Extended Data Fig. 4

a. Principal component analysis (PCA) plot with PC1 vs PC2 (top) or PC1 vs PC3 (bottom) computed with top 500 variable gene in the bulk transcriptome of individual lineages of blastocyst-like structures (EPI, TE and PrE); stem cell lines: naive and primed hPSCs; hTSCs: blastocyst derived hTSCs (bTS5)20, primed hPSC derived hTSCs (BAP14 and TM4 protocols45; PrE like stem cell lines (RACL or nEND cells22); naive PSC and TSCs rederived from blastocyst-like structures (see methods). b. Heatmap of key blastocyst and post-implantation lineage markers differentially expressed between TE analogs (TROP2+) of the blastocyst-like structures and hTSCs in their bulk transcriptome. c.

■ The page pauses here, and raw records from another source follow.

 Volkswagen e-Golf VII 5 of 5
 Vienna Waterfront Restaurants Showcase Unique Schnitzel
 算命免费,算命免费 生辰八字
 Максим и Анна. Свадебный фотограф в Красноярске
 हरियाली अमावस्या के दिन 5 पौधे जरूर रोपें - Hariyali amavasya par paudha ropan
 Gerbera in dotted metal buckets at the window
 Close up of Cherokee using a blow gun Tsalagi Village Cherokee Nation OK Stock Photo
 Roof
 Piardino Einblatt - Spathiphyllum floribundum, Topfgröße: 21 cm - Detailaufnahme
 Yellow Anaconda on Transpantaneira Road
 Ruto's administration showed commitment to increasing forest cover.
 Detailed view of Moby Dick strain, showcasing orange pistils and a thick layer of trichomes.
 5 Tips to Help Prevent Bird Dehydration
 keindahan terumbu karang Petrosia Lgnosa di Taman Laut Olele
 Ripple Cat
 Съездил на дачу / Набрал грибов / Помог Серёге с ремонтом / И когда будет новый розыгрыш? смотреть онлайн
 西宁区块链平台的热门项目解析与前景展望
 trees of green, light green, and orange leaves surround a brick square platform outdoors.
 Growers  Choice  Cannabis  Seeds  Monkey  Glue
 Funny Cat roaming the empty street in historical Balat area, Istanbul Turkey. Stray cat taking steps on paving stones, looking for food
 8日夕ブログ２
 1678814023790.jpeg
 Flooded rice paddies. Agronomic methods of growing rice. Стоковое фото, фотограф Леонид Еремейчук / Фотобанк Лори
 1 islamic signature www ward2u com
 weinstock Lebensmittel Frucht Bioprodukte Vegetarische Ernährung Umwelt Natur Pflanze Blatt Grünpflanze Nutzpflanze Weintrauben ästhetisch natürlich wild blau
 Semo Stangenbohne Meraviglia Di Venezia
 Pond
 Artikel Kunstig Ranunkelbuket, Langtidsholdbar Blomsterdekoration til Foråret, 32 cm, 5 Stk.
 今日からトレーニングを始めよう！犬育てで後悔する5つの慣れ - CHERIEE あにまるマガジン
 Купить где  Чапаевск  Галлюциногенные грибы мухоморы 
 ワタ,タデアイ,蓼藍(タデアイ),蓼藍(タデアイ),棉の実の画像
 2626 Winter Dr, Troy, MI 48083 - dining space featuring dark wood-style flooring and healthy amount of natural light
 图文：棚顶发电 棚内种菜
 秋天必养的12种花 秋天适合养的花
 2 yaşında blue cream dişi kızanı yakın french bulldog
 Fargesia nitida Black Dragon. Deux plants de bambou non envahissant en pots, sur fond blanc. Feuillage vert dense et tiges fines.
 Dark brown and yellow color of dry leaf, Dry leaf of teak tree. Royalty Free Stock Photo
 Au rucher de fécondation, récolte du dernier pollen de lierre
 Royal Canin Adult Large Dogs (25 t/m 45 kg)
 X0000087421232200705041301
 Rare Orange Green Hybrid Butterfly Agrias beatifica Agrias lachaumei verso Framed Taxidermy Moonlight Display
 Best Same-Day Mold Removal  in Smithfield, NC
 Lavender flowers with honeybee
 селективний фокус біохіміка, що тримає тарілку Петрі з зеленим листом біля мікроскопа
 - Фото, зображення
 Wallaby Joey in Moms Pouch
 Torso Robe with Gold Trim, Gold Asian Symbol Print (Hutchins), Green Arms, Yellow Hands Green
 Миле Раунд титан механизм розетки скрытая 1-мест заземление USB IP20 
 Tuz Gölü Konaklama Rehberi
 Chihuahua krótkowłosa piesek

Pseudotime analysis of human mature TE markers CGB5, CGB7, CGB8 and CGA. Gene expression analysis was performed by using the public data analysis tool (https://bird2cluster.univ-nantes.fr/demo/PseudoTimeUI/). d. Heatmap of key pluripotency related genes differentially expressed between EPI analogs (PDGFR-/ TROP2-) in the blastocyst-like structures and primed hPSCs e. Heatmap of key pluripotency related genes or PrE markers differentially expressed between PrE analogs (PDGFRα+) in the blastocyst-like structures, naive PSC derived PrE-like cells and nEND cells.